In this season of dark and cold, it is good to be grateful for small and simple things. Sunlight, for instance. It is Christmas day, and the sunlight is glorious. We've had a week of grey, cold, rain and ice, and today's warmth and sun is very welcome. The cats are out lazing in the sun in that particularly feline manner of theirs. You can register their vibrations of contentedness even if they're not purring. It is their way of appreciating simple things.
We learned a few days ago that another member of our community had had a mini-stroke. Lillian is about 76 or so, and a real scrapper, but this has taken the wind from her sails. I've been taking her hot soups and groceries--just some oatmeal and canned goods. Some bread and bananas. And spending time with her, sharing the comfort of having friends around.
Then, on the way to Fred's, I stop to feed his cats, who never moved from their den under his old trailer. He's now moved into the farmhouse at Misty, where there are also a zillion cats. David also lives there and he feeds that multitude. But Fred's cats need fed too, and so I stop on my way there and give them their kibble. They are grateful and respond with purrs and windings-around my legs.
On to Fred's where I either make him dinner or heat up what I've brought with me. Other ladies here also take him food, so he's doing OK. Fred occasionally buys lotto tickets. He says if he wins the lotto bigtime, he'll build the valley an old folks home. It's a great idea--we've worked out a plan for the building. It would have a central communal kitchen/dining/living area and the folks would have individual rooms around the circumference. A wagonwheel arrangement in other words. And there'd be people like me who could help with the cooking/cleaning/entertaining and caring for health needs. That's a dream for now, but something to work towards.

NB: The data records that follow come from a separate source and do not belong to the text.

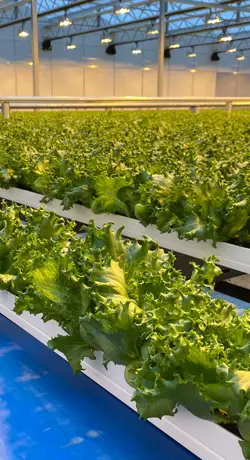 Greenhouse Gutters from Plastic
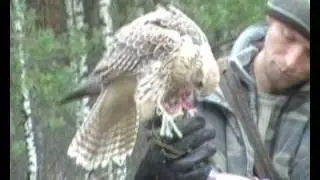 FalconryUkr10
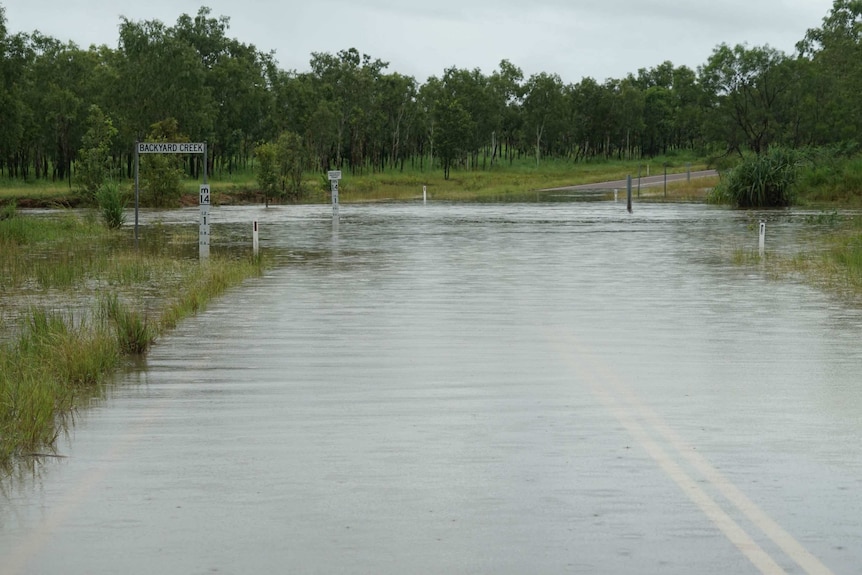 A flooded roadway in the bush.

Doing for others has great benefits. It gets me out of my typical winter doldrums/blues. Seasonal affective disorder gets us all to greater or lesser degrees. Humans need sunlight and fresh air, and life becomes greyer when we don't have access to them in winter. But you can get yourself out of depressive thoughts and moods by paying attention to other people and their needs.

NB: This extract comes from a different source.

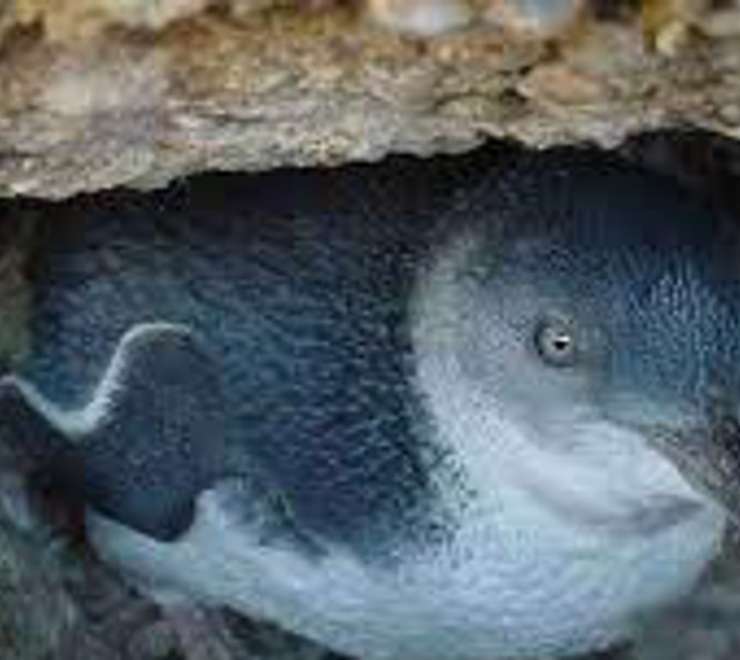 Little Penguin Observation Centre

I've been battling a nasty cold the past week. The past two nights it really got to me and I was exhausted. Couldn't sleep very well because of coughing and stuffy nose. I'm letting the symptoms have their way. It's best if I don't fight it, but merely rest a lot and feed my system lightly but with good nutrition--lots of liquids, garlic, cayenne and rest.
Well, that's it. Be grateful for simple, little things. Be grateful for other people and pay attention to them. Not very awe-inspiring commentary here. That's what having a cold does to you. Energy-stealing things...
Only two more months and I can get back to some serious foraging!